Once you know exactly what’s wrong you can start looking for a solution.

Voyles says once a customer has finished airing their grievances it’s a good idea to briefly reiterate their feelings back to them to ensure you’re both on the same page. If you were attentive when they spoke and took succinct notes this might not be necessary, he says, but it can put the customer at ease because it shows them you were listening.

When you offer your first thoughts on a solution, it’s important to be descriptive, but also composed and professional, says Brian Mulshine, director of operations technology and innovation at Rush Enterprises. Defensively responding to an angry customer with more anger significantly reduces the likelihood for a quick resolution, and can have long-lasting consequences.

“You have to be professional. That is just so critical,” he says. “[In training] I always tell my people to lead with facts and evidence. Talk about what happened and what needs to be fixed. It’s not personal and shouldn’t be treated as such.”

You also need to be fair. Downplaying a customer’s problem and/or your impact on said problem will get you nowhere.

This is why it’s so important to let a customer speak first, says Voyles. It allows you to hear everything they have to say so you can formulate a response that best fits their needs.
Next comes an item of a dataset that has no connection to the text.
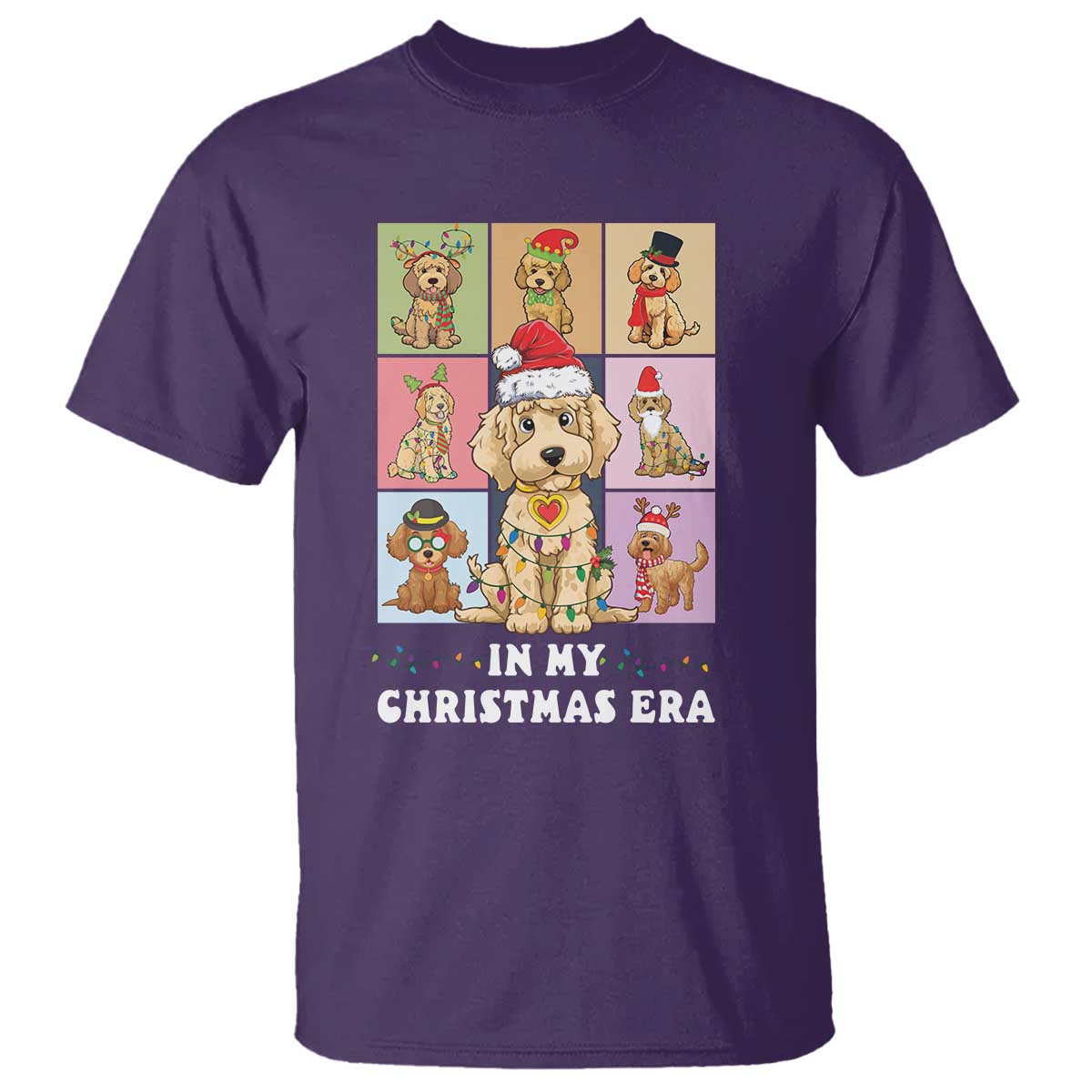 Funny Xmas Dog T Shirt Santa Golden Doodle In My Christmas Era - Wonder Print Shop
“Most situations are resolved by listening and understanding, then responding as necessary,” says Calhoun.

It’s also important to be willing to compromise. A customer who has lost freight business due to a mistake in your facility likely expects to be compensated for their downtime. You have to be prepared for that, and be willing to accept that demand.

But you shouldn’t feel obligated to refund a customer’s money after every complaint. As mentioned above, not every complaining customer is looking for a discount on their bill. Others want you to know they were disappointed with their service, or felt your operation handled their business poorly.

Calhoun says those complaints are invaluable, because they give your business a chance to get better.

“I’m the absolute worst kind of customer because when something goes bad for me I’m going to pay my bill quietly, and make a note of where I just left because it will never, ever happen again,” he says. “I will never go back.

“So anytime a complaint is escalated to me I always tell the customer ‘Thank you. Thank you for voicing your concern, and letting us know where we can improve.’”

Adds Williams; “A lot of times it’s not about the money. A lot of times the most important piece [of a solution] is ‘What are you going to do to keep this from happening again?’”

And when both sides finally agree to a solution, write it down. This gives both sides a step-by-step timeline for resolution and minimizes the risk of an angry flare up before the job is done.

“Think about any relationship you have with a customer, and how much smoother it is with transparency and accountability,” says Michael Riemer, vice president of products and channel marketing at Decisiv. “You build trust [with customers] when you’re transparent about what you’re going to do.”